Yes. We’ve been impressed with dgraph’s performance at scale- but things get stressful once the cluster grows large enough. Certainly don’t take my tone as disingenuous, dgraph is young and engineering tradeoffs have to be made, but here’s what we run up against:
No sharding of predicates
This is a big concern for us- as it means if a predicate becomes large enough, the only way to deal with it is vertically scaling. (We have predicates like xid
and name
that have over 100 million entries, and are over 100gb in size each).

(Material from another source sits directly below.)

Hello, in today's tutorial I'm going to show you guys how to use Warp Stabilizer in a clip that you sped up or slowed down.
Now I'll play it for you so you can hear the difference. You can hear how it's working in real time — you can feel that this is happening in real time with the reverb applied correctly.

The shard-balancer wrecks so much havoc on these large predicates that we had to completely disable it. It moves things too frequently, and its only criteria is size (instead of “hotness”). Any time one of these large predicates is moved (or indexed), the cluster grinds to a halt because incoming data gets stuck behind the operation- so much so that if we have to move a predicate, we have to pause all of our ingestion pipelines and wait for dgraph to catch up.
No query planner
Dgraph makes naive decisions on how a query gets executed- for instance, if filtering by two predicate A and B in a query,
- A with 1 billion unique UIDs, with an index
- B with 10 unique UIDs, without an index,
dgraph will choose A over be if it sees that A is indexed, but B would have bounded the query faster. Its frustrating when end users of our system have to do things like write their query in reverse to get better performance.
Related, cascade
is one of dgraph’s most powerful features, but without a smarter query planner, deep/wide cascades can be unusably slow. This is frustrating since the whole reason you chose a graph db is because you want cheap inner-joins
Im excited for the roaring bitmaps work, as I could see that improving some of these issues.

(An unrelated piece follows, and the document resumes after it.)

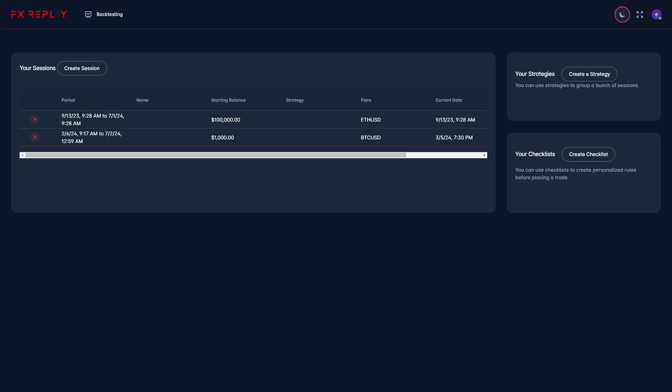In this video I'll be showing you how you can place a buy or a sell order on FX Replay. Now this is a very quick and easy thing to do, so make sure you watch this video all the way to the end so you don't miss any important steps.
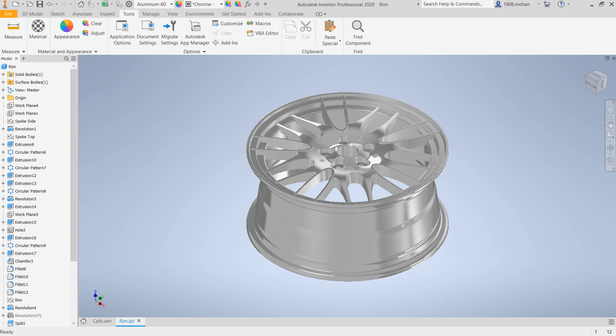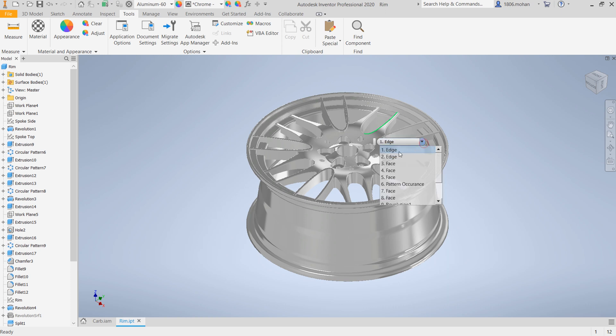The simplest way to do that is by placing your mouse on any one of the edges or the faces, and you get a small dropdown menu that shows all the other edges, faces, and even pattern occurrences.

Upsert by xid painful for ingest-heavy workloads
All of our inserts happen with deterministic ids- but since dgraph creates its own uid for everything, we are forced to have every insert be an upsert. (Query by xid
, if it doesn’t exist, add it, otherwise update it). This puts pressure on the cluster that I wish we had a way to avoid. We want to be able to do blind-writes.
We’d be happy to hash our ids in a way that they became dgraph uint64 uids (that we could insert directly), but it feels like dgraph is not intended to work this way (the way the zeros lease blocks of uids, them being contiguous and sequential, etc)
Feature Wishlist
All of the data we store in dgraph is temporal, so we’ve had to do some gnarly gymnastics to allow users to filter nodes/edges by spans of time (we have dangling “timerange” nodes that hang off of every node in the graph… which we use as a filtering mechanism via cascade
).
I would be over the moon is dgraph had a native timerange
type that was just [starttime, endtime]
. This would allow us to put a list of timeranges directly on a node, and then a query like intersects(100,200)
return us a node that had a timerange predicate like [0,110], [180, 300]
. This would reduce the stress we put on the cluster across the board.
Dgraph has a strong foundation, and I know the team has ideas about the issues I’ve brought up. To echo some of the other commenters, I am more interested in dgraph as a graph databse than a gql platform, given dgraph is the only modern, cloud-native, graphdb in town.